For the records below, output word for word the lines from the one with "This is the pump" up to and including the one with "These potatoes are". No pictures.

→ **Task inputs**
- Opening Delimiter -
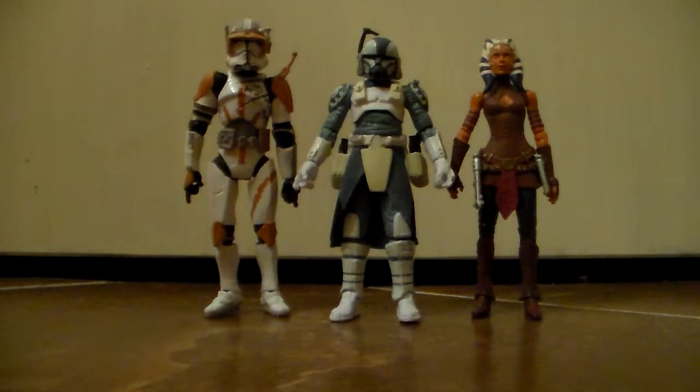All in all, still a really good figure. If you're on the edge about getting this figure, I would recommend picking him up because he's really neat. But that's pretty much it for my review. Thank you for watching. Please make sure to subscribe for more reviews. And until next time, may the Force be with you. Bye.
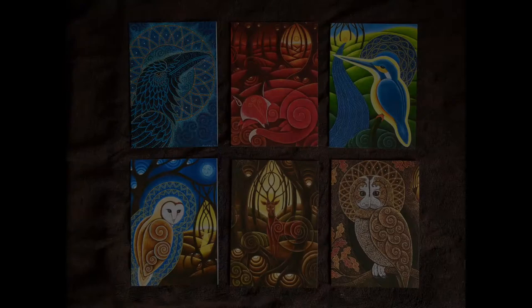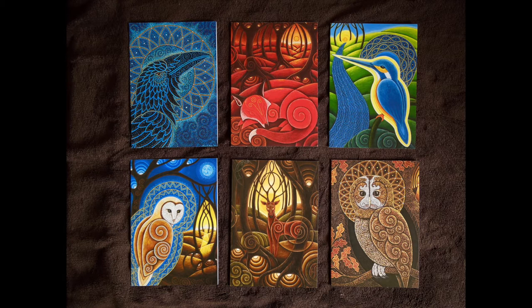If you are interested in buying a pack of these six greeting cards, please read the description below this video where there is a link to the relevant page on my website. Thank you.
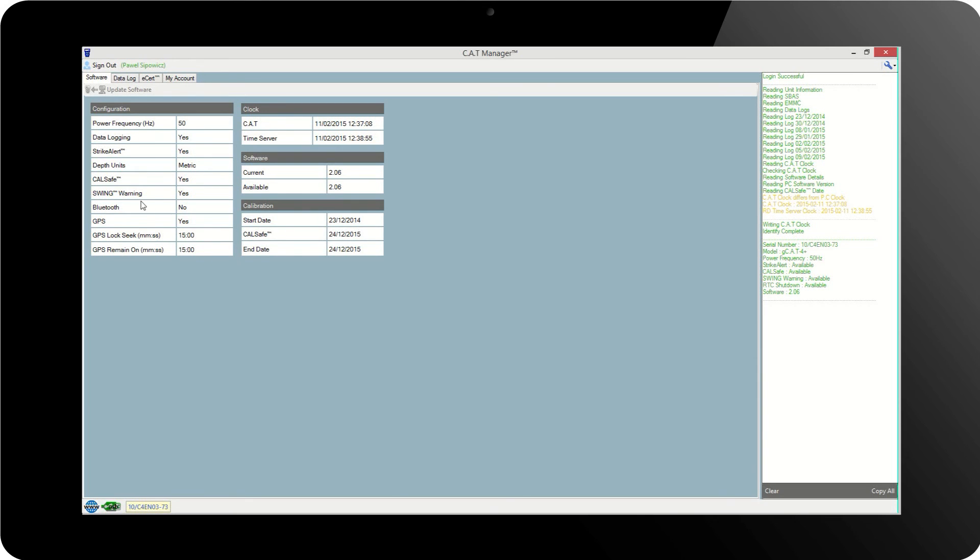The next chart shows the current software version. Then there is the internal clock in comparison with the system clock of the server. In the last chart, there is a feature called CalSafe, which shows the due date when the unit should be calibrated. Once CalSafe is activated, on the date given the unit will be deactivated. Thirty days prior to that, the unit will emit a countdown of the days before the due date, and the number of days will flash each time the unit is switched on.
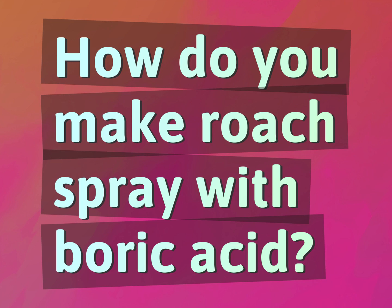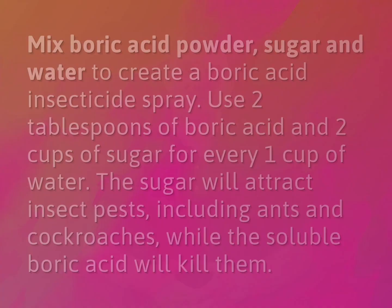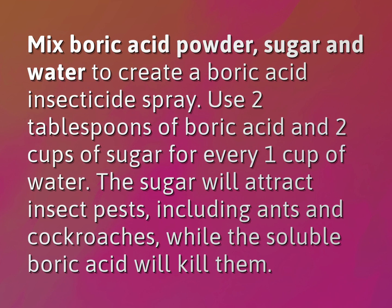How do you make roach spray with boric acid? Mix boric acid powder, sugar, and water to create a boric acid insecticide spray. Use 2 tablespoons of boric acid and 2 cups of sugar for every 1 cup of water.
- Closing Delimiter -
- Opening Delimiter -
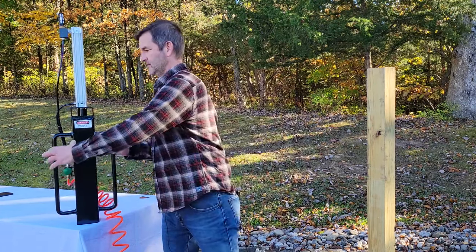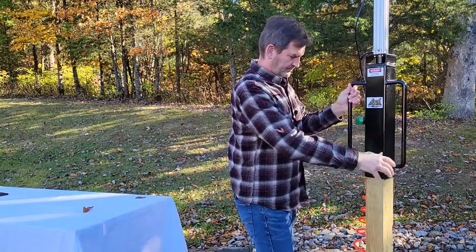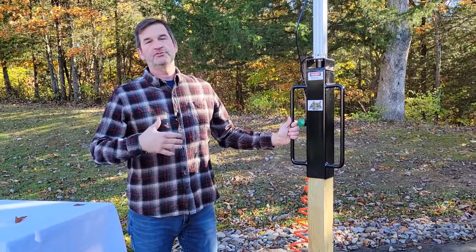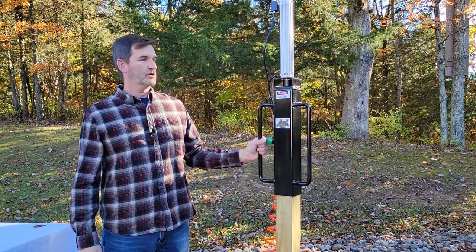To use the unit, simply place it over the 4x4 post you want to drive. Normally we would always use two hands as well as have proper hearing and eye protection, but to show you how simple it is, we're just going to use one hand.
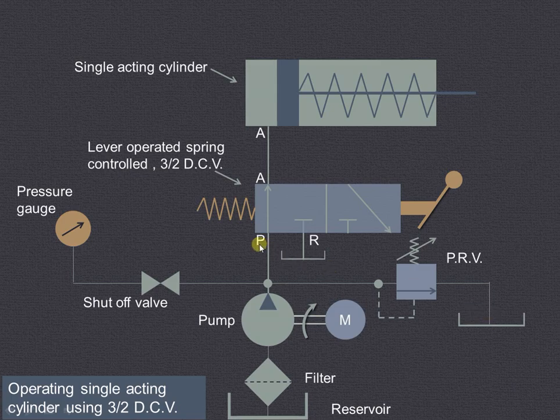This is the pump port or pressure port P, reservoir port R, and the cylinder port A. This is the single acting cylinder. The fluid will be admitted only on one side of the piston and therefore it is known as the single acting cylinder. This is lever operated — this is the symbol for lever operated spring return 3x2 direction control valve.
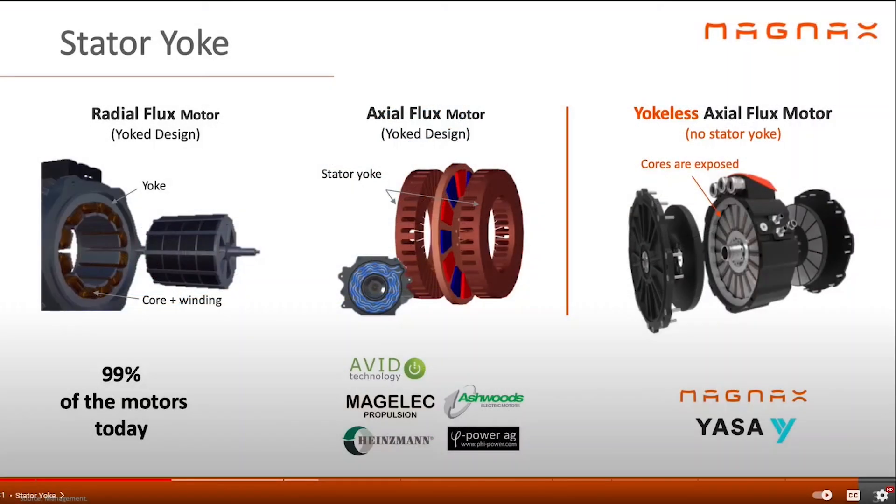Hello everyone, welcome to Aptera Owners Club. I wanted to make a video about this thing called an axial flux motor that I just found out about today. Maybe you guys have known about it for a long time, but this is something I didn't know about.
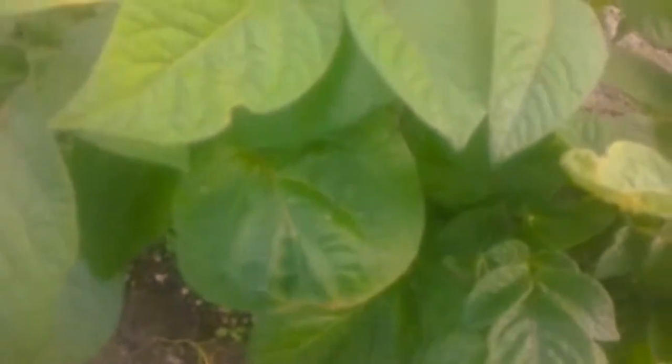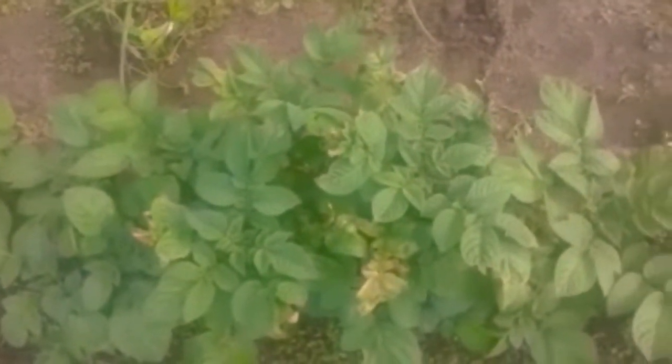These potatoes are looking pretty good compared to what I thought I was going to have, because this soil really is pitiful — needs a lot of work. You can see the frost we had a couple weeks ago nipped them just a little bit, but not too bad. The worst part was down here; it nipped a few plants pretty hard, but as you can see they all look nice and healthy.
- Closing Delimiter -
- Opening Delimiter -
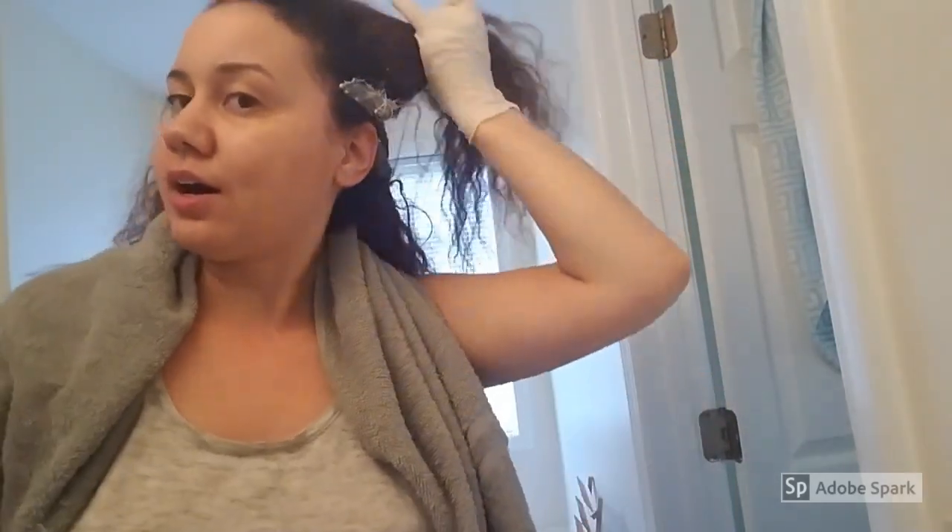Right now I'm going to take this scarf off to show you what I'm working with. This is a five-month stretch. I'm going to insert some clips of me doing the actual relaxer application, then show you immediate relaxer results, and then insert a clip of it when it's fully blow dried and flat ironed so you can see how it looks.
- Closing Delimiter -
→ **Result of the exercise**
This is the pump port or pressure port P, reservoir port R, and the cylinder port A. This is the single acting cylinder. The fluid will be admitted only on one side of the piston and therefore it is known as the single acting cylinder. This is lever operated — this is the symbol for lever operated spring return 3x2 direction control valve.
Hello everyone, welcome to Aptera Owners Club. I wanted to make a video about this thing called an axial flux motor that I just found out about today. Maybe you guys have known about it for a long time, but this is something I didn't know about.
These potatoes are looking pretty good compared to what I thought I was going to have, because this soil really is pitiful — needs a lot of work. You can see the frost we had a couple weeks ago nipped them just a little bit, but not too bad. The worst part was down here; it nipped a few plants pretty hard, but as you can see they all look nice and healthy.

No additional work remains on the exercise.